Entanglement entropy for scale-invariant states: universal finite-size scaling

Speaker: Professor Huan-Qiang Zhou
Affiliation: Chongqing University

Abstract

A universal finite system-size scaling analysis of the entanglement entropy is presented for highly degenerate ground states arising from spontaneous symmetry breaking with type-B Goldstone modes in exactly solvable one-dimensional quantum many-body systems. These states appear to be scale-invariant, but not conformally invariant. Our findings are based on a physical argument, imposing three constraints  on the entanglement entropy, in addition to further confirmation from an asymptotic analysis of the entanglement entropy for the ${\rm SU}(2)$ spin-$1/2$ ferromagnetic states. The resulting universal scaling form is demonstrated for three fundamental models -- the ${\rm SU}(2)$ spin-$s$ Heisenberg ferromagnetic model, the ${\rm SU}(N+1)$ ferromagnetic model, and the staggered ${\rm SU}(3)$ spin-1 ferromagnetic  biquadratic model.
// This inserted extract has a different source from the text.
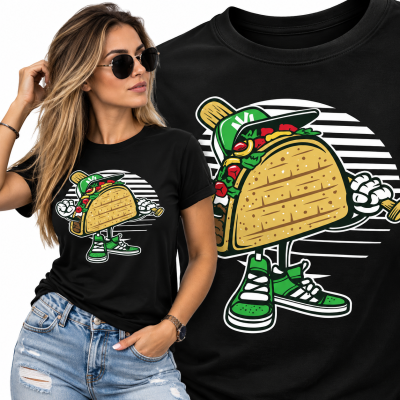 KOSZULKA DAMSKA ANIMOWANA  TACO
The results point towards a classification for distinct types of scale-invariant states,  relevant to a complete classification of quantum states of matter.

This talk is based on a joint work with Qian-Qian Shi from CQU, Chongqing, China, Ian P. McCulloch from UQ, Brisbane, Australia, and Murray T. Batchelor from CQU, Chongqing, China and ANU, Canberra, Australia.